Distinguish between unique or single-copy genes and highly repetitive sequences in nuclear DNA.

Not all of the base sequences in DNA are translated. Highly repetitive base sequences are not translated. They consist of sequences of between 5 and 300 bases that may be repeated up to 10 000 times. They constitute 5-45% of eukaryotic DNA. Single-copy genes or unique genes are translated and constitute a surprisingly small proportion of eukaryotic DNA.

Outline the structure of nucleosomes.

Nucleosomes consiste of DNA wrapped around eight histone proteins and held together by another histone protein.

State that nucleosomes help to supercoil chromosomes and help to regulate transcription.

Nucleosomes help to supercoil chromosomes and help regulate transcription.

Outline the structure of ribosomes, including protein and RNA composition, large and small subunits, three tRNA binding sites and mRNA binding sites.

Ribosomes have a particular structure. They are made up of proteins and ribosomal RNA. They have two subunits, one large the other small. On the surface of the ribosome there are three sites to which tRNA can bind to. However not more than two tRNA molecules can bind to the ribosome at one time. Also there is a site on the surface of the ribosome to which mRNA can bind to.

Explain that each tRNA molecule is recognized by a tRNA-activating enzyme that binds a specific amino acid to the tRNA, using ATP for energy.

Summary: Each tRNA activating enzyme recognises a specific tRNA molecule The tRNA molecule is made up of double stranded sections and loops At the 3' end of the tRNA there is the nucleotide sequence CCA to which the amino acid attaches to The different chemical properties and three dimensional structure of each tRNA allows the tRNA-activating enzymes to recognise their specific tRNA Each tRNA enzyme binds a specific amino acid to the tRNA molecule The tRNA-activating enzyme will bind the amino acid to the tRNA with the matching anticodon Energy from ATP is needed during this process

Explain the process of transcription in prokaryotes, including the role of the promoter region, RNA polymerase, nucleoside triphosphates and the terminator.

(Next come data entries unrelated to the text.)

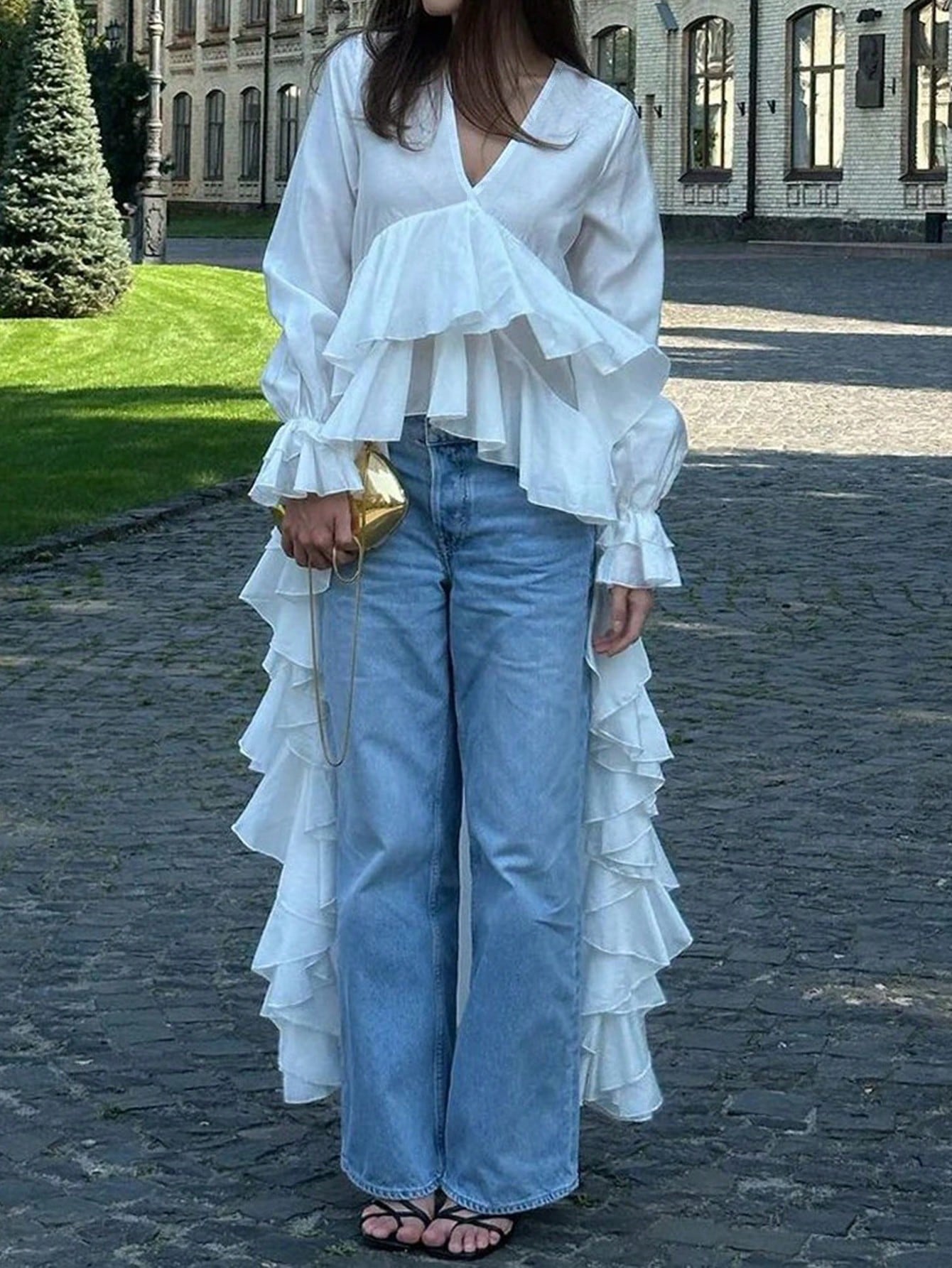 Woman wearing a white long-sleeve V-neck top with an asymmetrical cascading ruffle high-low hem paired with blue jeans and holding a gold clutch.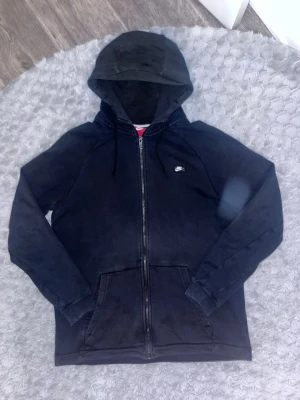 Svart zip hoodie från Nike - Säljer en svart hoodie från Nike med dragkedja framtill och klassisk huva med snören. Hoodien har två stora fickor på magen och en liten Nike-logga på bröstet. Tillverkad i mjukt bomullsmaterial, perfekt för chill dagar eller när du vill ha en clean streetstyle.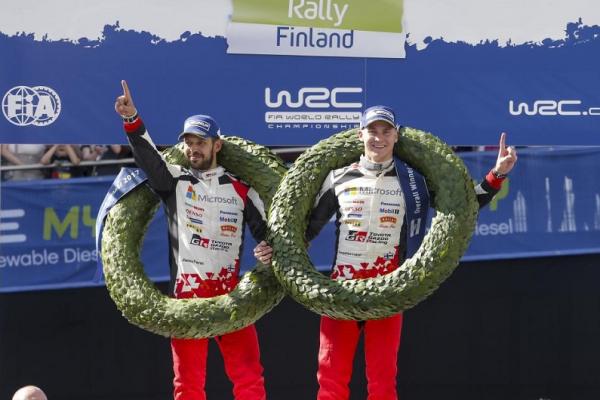 Essapekka Lappi dan navigator Janne Ferm dengan penuh kegembiraan di podium juara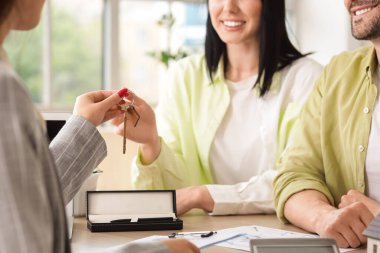 Bayan emlakçı ofiste ev ev dolaşarak anahtarı veriyor, yakın plan.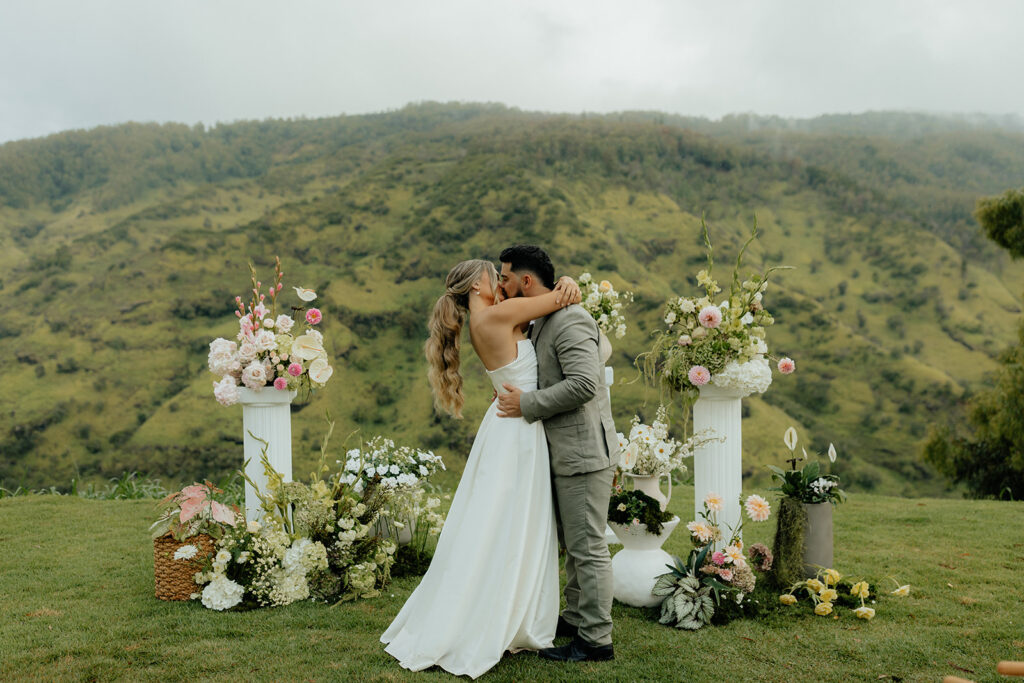 bride and groom kissing after their wedding ceremony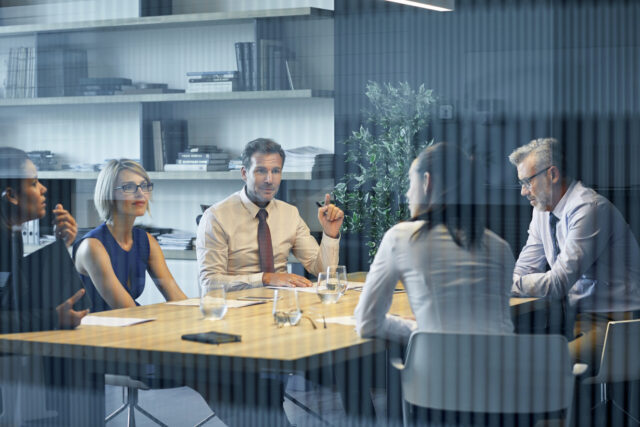 Coworkers communicating at desk seen through glass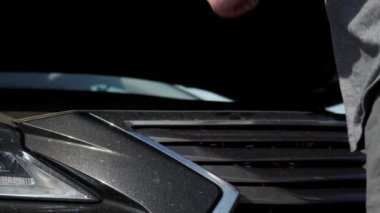 Hüsrana uğramış adam kaza arabasını tamir ediyor. Bozuk Arabadaki Üzücü Erkek. Araç Kontrol Motoru Hasar Sorunları. Şoför Acil Servis 'i arıyor. Otomobil kazası. Hood Otomobil Aç.
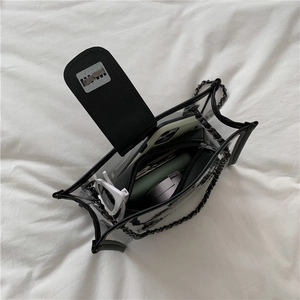 Trendy transparent PVC crossbody bag with black leather trim and metal chain strap
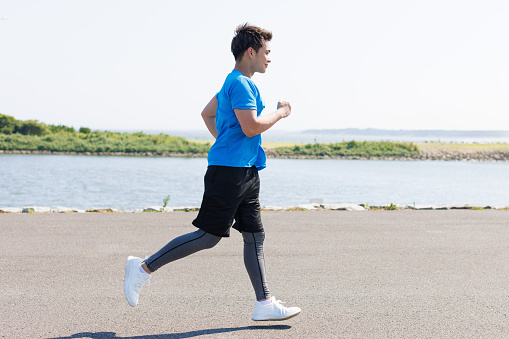 Young Asian man jogging at the seaside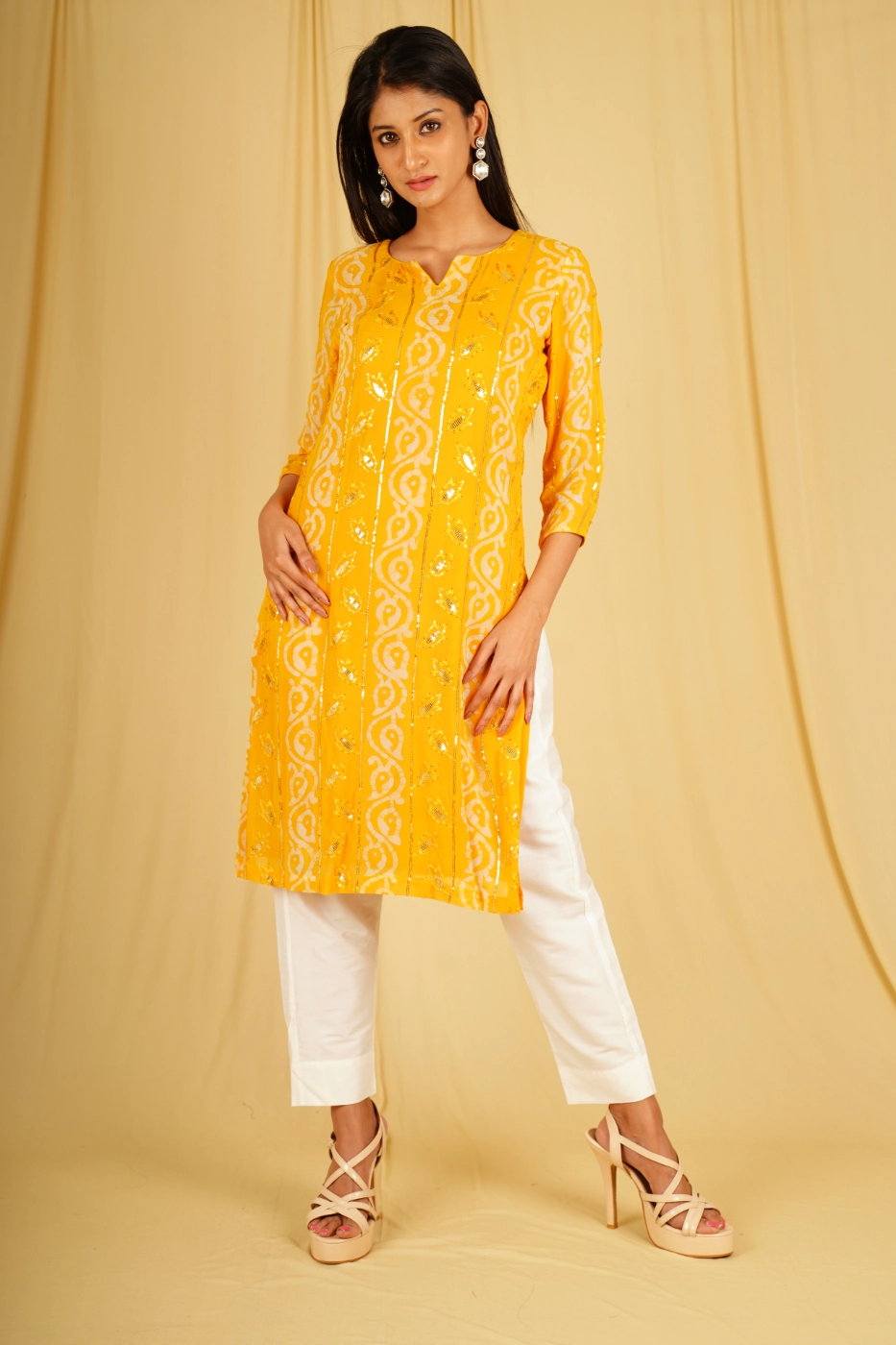 mustard-yellow-georgette-straight-cut-kurta-top-paired-with-white-lycra-cotton-ankle-length-pants-m?uid=1674832331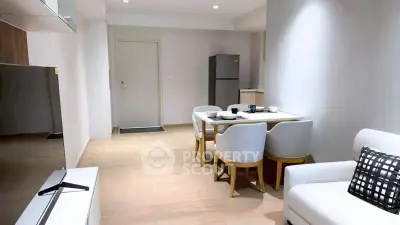 Modern living room with dining area and sleek kitchen appliances in a stylish apartment.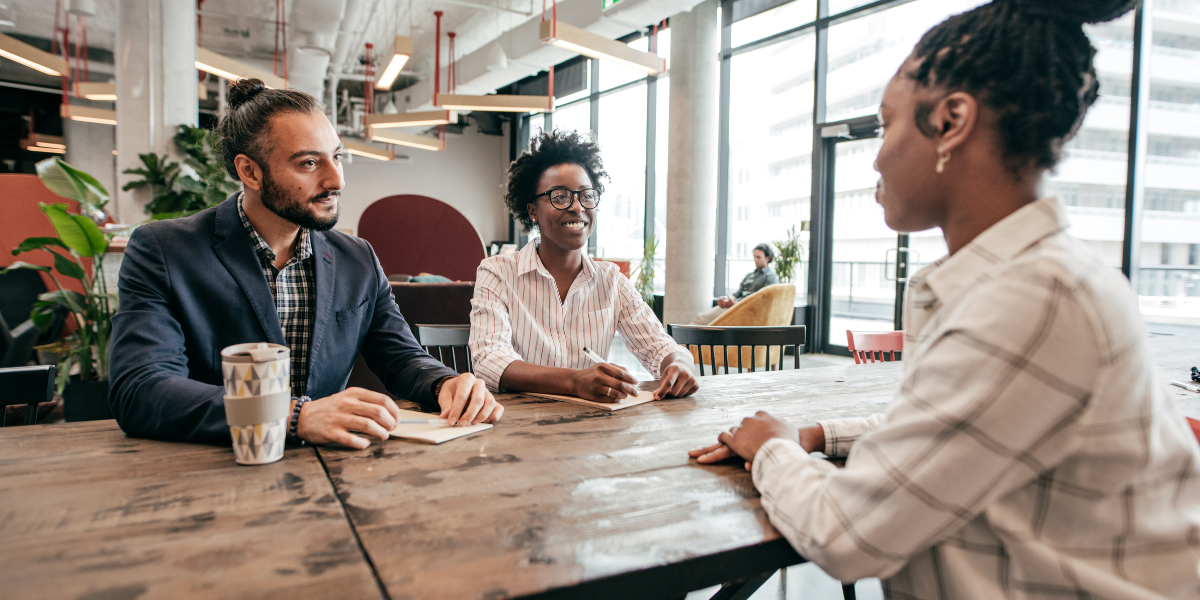 Three people are sat at a boardroom table in front of a wall of windows conversing.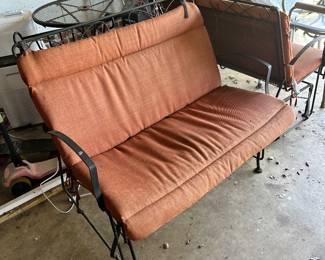 Wrought iron glider with cushion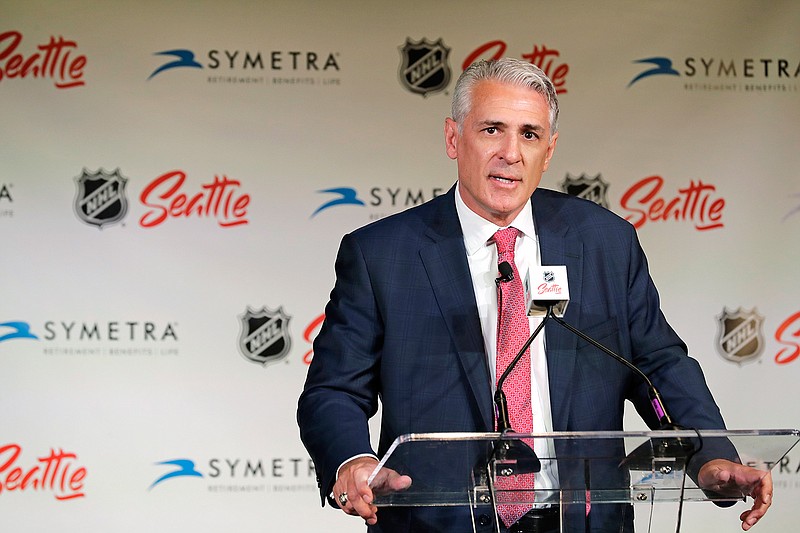 Ron Francis talks to reporters, Thursday, July 18, 2019, in Seattle after he was introduced as the first general manager for Seattle's yet-to-be-named NHL hockey expansion team.  (AP Photo/Ted S. Warren)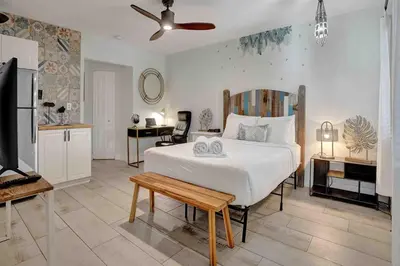 a bedroom with a large white bed and a desk at Casa Sol A in Fort Lauderdale
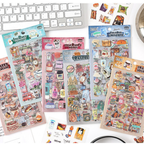 Six Everyday Life watercolor PET sticker themes displayed on a white desk with a keyboard, including Sweet Dreamland, Journey Wonders, Fragrance Notes, Travel List, Colored Universe, and Snack Journal, with a few loose stickers scattered in the foreground.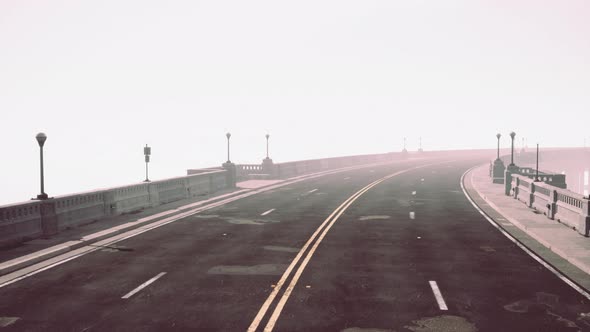 Old Empty Stone Bridge on a Foggy Day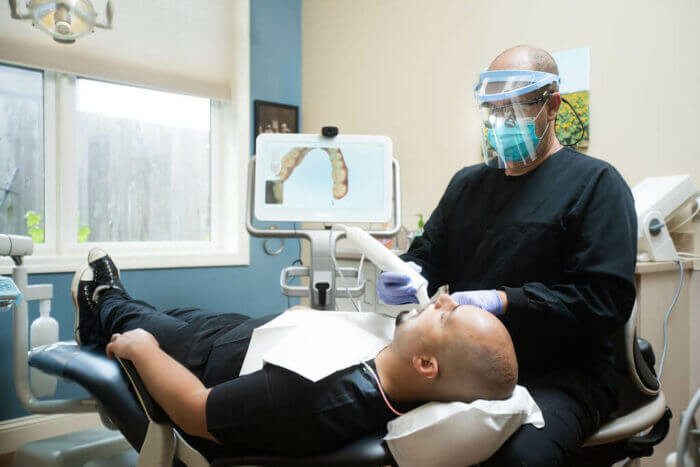 Dentist and patient in exam room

Summary: RNA polymerase binds to the promoter region This initiates transcription RNA polymerase uncoils the DNA Only one strand is used, the template strand Free nucleoside triphosphates bond to their complementary bases on the template strand Adenine binds to uracil instead of thymine As the nucleoside triphosphates bind they become nucleotides and release energy by losing two phosphate groups The mRNA is built in a 5'→3' direction RNA polymerase forms covalent bonds between the nucleotides and keeps moving along the DNA until it reaches the terminator The terminator signals the RNA polymerase to stop transcription RNA polymerase is released and mRNA separates from the DNA The DNA rewinds

Explain the process of translation, including ribosomes, polysomes, start codons and stop codons.

Summary: The tRNA containing the matching anticodon to the start codon binds to P site of the small subunit of the ribosome The small subunit binds to the 5' end of the mRNA and moves along in a 5'→3' direction until it reaches the start codon The large subunit then binds to the smaller one The next tRNA with the matching anticodon to the next codon on the mRNA binds to the A site The amino acids on the two tRNA molecules form a peptide bond The larger subunit moves forward over the smaller one The smaller subunit rejoins the larger one, this moves the ribosome 3 nucleotides along the mRNA and moves the first tRNA to the E site to be released The second tRNA is now at the P site so that another tRNA with the matching anticodon to the codon on the mRNA can bind to the A site As this process continues, the polypeptide is elongated Once the ribosome reaches the stop codon on the mRNA translation ends and the polypeptide is released Many ribosomes can translate a single mRNA at the same time, these groups of ribosomes are called polysomes

Explain the process of DNA replication in prokaryotes, including the role of enzymes (helicase, DNA polymerase, RNA primase and DNA ligase), Okazaki fragments and deoxynucleoside triphosphates.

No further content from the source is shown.